DUBAI: The repatriation of Overseas Filipino Workers (OFW) from Middle East countries – where a major portion of remittances originate – contributed to a decline in money sent to the Philippines in August this year, government data said.
“The countries that contributed to the decline in August 2018 are the United Arab Emirates, Saudi Arabia and Qatar,” the Bangko Sentral ng Pilipinas (BSP) said on Monday. The three Gulf countries – together with the US, Singapore, Japan, UK, Canada, Germany and Hong Kong – make up to 79 percent of the total cash remittances regularly sent to the country.

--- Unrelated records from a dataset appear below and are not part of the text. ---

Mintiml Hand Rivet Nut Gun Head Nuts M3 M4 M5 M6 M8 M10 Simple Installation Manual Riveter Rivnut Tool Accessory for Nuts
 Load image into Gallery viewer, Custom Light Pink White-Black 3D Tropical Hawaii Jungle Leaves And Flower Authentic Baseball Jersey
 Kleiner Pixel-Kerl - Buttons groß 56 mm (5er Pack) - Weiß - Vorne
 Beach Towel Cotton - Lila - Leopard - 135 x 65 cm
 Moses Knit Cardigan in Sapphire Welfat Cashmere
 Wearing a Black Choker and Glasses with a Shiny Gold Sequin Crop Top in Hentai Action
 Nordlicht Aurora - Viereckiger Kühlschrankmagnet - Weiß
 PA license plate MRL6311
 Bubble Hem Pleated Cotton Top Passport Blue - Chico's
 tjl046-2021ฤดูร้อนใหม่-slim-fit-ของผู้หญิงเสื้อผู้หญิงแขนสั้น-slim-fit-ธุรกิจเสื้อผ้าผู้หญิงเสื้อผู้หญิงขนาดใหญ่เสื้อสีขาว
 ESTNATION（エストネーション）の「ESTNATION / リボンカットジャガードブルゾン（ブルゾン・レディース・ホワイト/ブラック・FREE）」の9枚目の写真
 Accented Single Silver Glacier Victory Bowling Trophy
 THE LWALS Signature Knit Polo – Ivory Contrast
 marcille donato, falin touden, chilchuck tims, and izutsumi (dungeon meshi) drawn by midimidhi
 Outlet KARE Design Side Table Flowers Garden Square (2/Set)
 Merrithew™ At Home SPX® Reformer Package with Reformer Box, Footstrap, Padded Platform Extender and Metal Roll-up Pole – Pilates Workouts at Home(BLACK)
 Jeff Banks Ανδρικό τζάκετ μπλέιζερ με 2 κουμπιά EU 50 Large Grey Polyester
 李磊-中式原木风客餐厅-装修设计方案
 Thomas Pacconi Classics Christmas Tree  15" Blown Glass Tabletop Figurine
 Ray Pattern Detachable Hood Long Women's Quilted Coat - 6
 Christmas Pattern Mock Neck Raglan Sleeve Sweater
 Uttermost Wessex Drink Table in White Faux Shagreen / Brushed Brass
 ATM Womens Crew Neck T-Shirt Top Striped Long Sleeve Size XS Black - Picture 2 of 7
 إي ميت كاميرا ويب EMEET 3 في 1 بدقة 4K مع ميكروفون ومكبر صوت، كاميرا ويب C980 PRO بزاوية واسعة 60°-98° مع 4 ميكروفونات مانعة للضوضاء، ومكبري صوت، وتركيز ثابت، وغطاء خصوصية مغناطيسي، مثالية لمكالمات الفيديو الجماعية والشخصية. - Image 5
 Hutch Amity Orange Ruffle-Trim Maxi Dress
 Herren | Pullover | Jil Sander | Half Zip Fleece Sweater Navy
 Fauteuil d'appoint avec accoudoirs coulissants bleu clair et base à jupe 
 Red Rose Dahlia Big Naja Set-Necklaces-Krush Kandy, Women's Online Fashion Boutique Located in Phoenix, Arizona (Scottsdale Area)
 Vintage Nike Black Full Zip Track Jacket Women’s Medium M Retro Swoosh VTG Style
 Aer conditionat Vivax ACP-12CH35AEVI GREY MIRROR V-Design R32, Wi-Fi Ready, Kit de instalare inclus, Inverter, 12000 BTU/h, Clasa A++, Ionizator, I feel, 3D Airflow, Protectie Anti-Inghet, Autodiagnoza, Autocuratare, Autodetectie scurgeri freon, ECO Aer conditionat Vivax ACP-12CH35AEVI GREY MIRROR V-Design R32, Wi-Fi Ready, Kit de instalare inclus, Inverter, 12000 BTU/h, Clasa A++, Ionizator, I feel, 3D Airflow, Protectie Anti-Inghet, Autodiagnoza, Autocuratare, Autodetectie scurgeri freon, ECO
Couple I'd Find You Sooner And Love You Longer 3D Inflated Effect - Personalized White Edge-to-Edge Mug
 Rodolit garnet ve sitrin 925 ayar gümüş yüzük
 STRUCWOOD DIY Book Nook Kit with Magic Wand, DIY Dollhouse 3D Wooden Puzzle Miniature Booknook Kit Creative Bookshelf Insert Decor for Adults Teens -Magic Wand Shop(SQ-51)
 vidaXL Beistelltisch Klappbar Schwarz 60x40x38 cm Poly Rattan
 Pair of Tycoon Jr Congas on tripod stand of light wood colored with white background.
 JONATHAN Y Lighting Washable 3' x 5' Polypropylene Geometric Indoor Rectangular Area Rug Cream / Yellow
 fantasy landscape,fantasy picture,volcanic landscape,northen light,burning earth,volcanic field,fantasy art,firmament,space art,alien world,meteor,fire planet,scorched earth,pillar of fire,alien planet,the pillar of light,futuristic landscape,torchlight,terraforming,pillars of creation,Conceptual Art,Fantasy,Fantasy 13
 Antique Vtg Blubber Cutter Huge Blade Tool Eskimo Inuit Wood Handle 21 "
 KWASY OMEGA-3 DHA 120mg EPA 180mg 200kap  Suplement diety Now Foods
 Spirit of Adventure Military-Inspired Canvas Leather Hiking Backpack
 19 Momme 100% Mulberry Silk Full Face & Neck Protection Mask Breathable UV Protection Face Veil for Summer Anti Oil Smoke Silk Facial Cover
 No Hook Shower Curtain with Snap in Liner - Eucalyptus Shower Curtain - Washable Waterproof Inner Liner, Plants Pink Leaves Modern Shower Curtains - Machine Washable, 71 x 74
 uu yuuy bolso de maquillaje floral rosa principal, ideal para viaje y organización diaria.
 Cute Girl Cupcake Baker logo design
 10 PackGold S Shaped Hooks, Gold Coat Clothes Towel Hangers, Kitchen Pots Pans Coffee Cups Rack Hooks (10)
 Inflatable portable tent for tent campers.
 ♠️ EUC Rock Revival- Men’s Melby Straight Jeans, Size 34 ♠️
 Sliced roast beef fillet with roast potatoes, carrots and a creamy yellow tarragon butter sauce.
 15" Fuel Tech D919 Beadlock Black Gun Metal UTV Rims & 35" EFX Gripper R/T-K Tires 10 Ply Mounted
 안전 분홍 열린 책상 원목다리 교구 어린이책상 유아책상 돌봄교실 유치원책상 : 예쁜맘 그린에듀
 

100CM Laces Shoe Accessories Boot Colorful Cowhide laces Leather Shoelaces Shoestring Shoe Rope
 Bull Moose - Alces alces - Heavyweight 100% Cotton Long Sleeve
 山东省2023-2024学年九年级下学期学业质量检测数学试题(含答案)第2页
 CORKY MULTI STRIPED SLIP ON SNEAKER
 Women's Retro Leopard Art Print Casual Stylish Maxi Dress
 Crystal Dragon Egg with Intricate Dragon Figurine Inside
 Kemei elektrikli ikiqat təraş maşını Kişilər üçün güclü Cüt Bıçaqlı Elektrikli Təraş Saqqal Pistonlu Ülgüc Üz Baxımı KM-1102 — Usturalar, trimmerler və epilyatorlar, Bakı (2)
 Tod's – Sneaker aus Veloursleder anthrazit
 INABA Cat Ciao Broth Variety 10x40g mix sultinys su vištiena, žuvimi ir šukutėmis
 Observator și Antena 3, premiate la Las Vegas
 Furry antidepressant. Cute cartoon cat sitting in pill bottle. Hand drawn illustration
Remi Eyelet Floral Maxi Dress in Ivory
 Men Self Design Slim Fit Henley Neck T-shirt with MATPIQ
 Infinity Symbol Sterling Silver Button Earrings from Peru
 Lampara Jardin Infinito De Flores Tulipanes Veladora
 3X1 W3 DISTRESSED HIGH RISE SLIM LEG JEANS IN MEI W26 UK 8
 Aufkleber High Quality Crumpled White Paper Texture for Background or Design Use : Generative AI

The Philippine central monetary authority reported that cash remittances from overseas Filipinos dipped 0.9 percent to $2.476 billion in August, from $2.499 billion sent during the same month in 2017. Around 10 million Filipinos work overseas and usually are the breadwinners of families back home, providing for most of household budgets and contributing nearly 70 percent of overall national output.
Cash sent from the UAE by Filipinos fell by 36.4 percent to $175.02 million in August, from $275.31 million of the same month last year, while cash remittances from Saudi Arabia went down 20.7 percent to $180.9 million from $228.15 million while Qatar-based OFWs meanwhile sent $68.85 million during the same month, 35.3 percent less than the $106.47 million remitted in August 2017. Among other Gulf countries, remittances from Kuwait slipped 17.4% to $61.3 million from $74.05 million; it was down 37.3 percent in Oman to $17.71 million from $28.24 million previously, but was up 3.4 percent in Bahrain to $19.494 million from $18.85 million a year earlier.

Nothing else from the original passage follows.